Measurements made by the test
Measurement Description Measurement Unit Interpretation

Number of root blockers:

Indicates the number of root blocker processes.

Number

Usually, the number of root blocker processes should be low. If this value increases suddenly, this is a cause for concern. Likewise, if a root-blocker process has been blocking other processes for a long time, it is a reason for further investigation. The detailed diagnosis for this test, if enabled, provides details of the root blocker processes - their SPIDs, programs running these processes, and the queries being issued by these processes.
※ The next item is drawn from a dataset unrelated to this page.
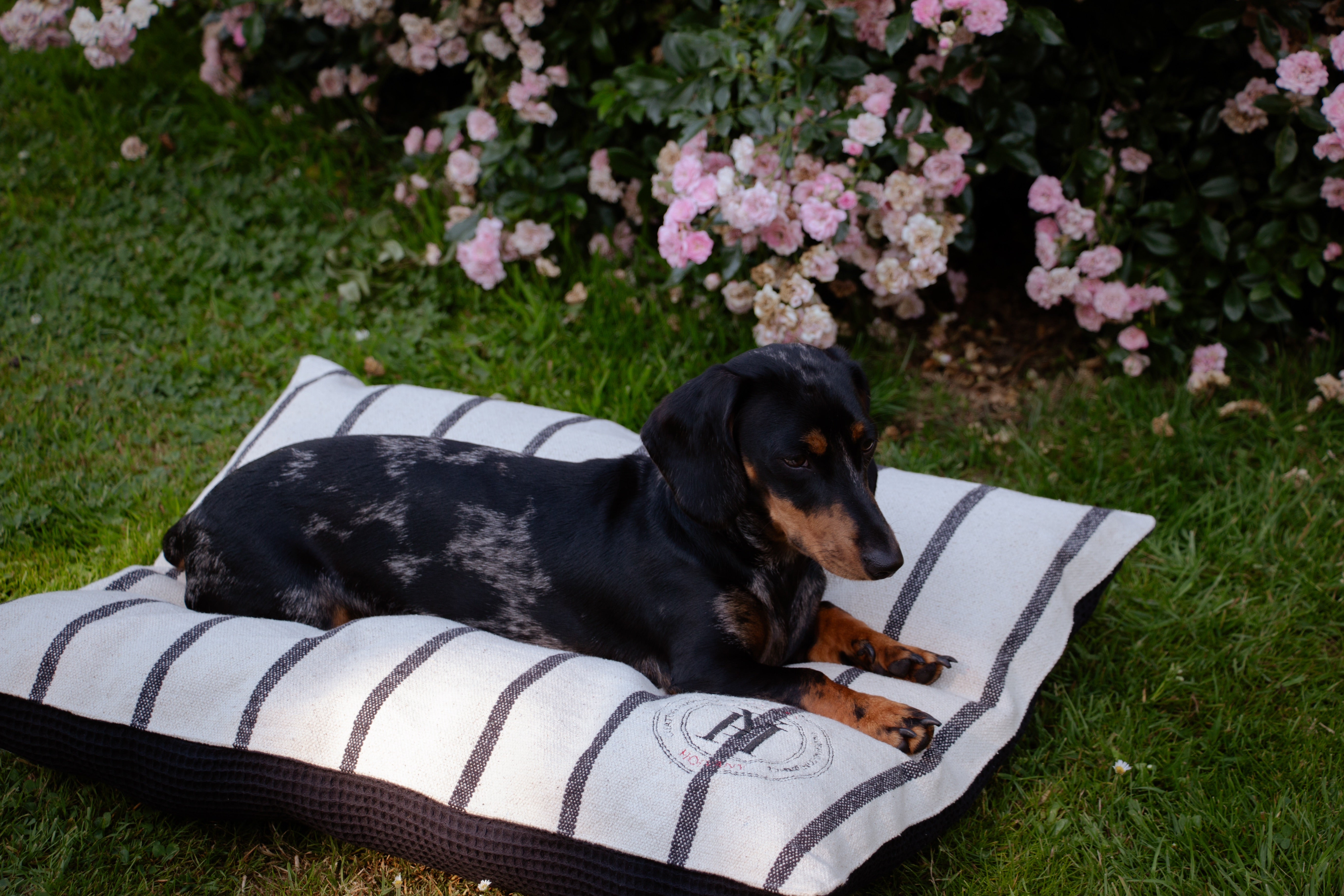 Coussin rayé noir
It is usually the case that killing any root-blocker process that has been running for a long while will get the database running well again.

Blocked processes:

Indicates the number of processes that are blocked by the root blockers.

Number

Use the detailed diagnosis of this measure to know which processes are blocked.

Max waiting time:

Indicates the waiting time – i.e., blocked time – of that process(es) that was blocked for the maximum duration.

Secs

If the value of this measure matches or exceeds the max blocking time configuration of this test, it indicates that one/more processes have been blocked for a very long time. You can then use the detailed diagnosis of this measure to identify these blocked processes and figure out who initiated such processes and their resource usage. Processes that are resource hogs can thus be identified.